Board reviews new safety policies: threats, harassment, opioid protections, performance-enhancing drugs and weapons

Fairbanks North Star Borough School District · December 16, 2025
AI-Generated Content: All content on this page was generated by AI to highlight key points from the meeting. For complete details and context, we recommend watching the full video. so we can fix them.

Summary

The board reviewed new and revised safety and conduct policies including threats of violence, harassment/intimidation/bullying, opioid-overdose protections in the substances policy, performance-enhancing-drug language giving superintendent discretion, and weapons/discipline provisions tied to federal/state statutes.

At the work session administration presented several safety- and discipline-related policies grouped under Article 5.

On threats of violence (BP 5.131.42), staff said the district is developing risk-assessment protocols to differentiate between statements that require a disciplinary or law-enforcement response and speech that may be typical adolescent behavior.
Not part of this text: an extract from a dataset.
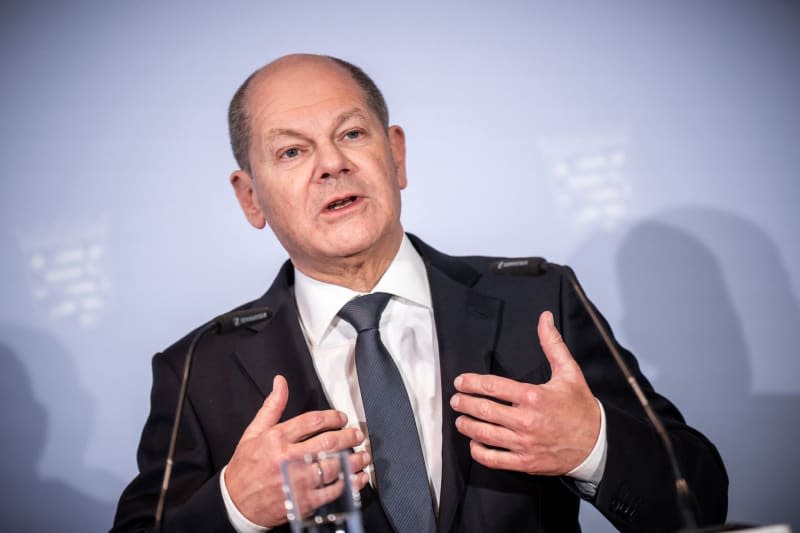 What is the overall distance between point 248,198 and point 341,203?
406 millimetres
Regarding harassment and bullying (BP 5.131.43), administration said the policy language aligns with state statute and that administrative regulation will expand definitions and cyberbullying response procedures.

In the alcohol and other unauthorized substances policy (BP 5.131.6), staff added opioid-overdose-protection language "which came from the ASB model policy based on a recent change or addition to statute," and board members noted that overdose kits (Narcan) are present in schools. On performance-enhancing drugs (BP 5.131.63), staff said the new policy gives the superintendent discretion to prohibit future extracurricular participation in egregious cases where substances do not fall neatly into controlled-substance definitions. "The superintendent or designee may ban a student from future participation as determined appropriate," staff noted.
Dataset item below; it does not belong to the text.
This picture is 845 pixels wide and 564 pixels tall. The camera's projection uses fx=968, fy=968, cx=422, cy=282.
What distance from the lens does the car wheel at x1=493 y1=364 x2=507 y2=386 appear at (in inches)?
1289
Board members also discussed weapons and dangerous-instruments policy (BP 5.137) and referenced federal and state disciplinary thresholds for firearms and other deadly weapons; staff said administrative regulation explains how the superintendent may consider written requests to modify presumptive consequences.

Next steps: administrative regulations and risk-assessment procedures will be drafted or refined to accompany these policies and to provide operational guidance for school staff; the board requested further alignment with law-enforcement referral practices and the upcoming bullying resolution.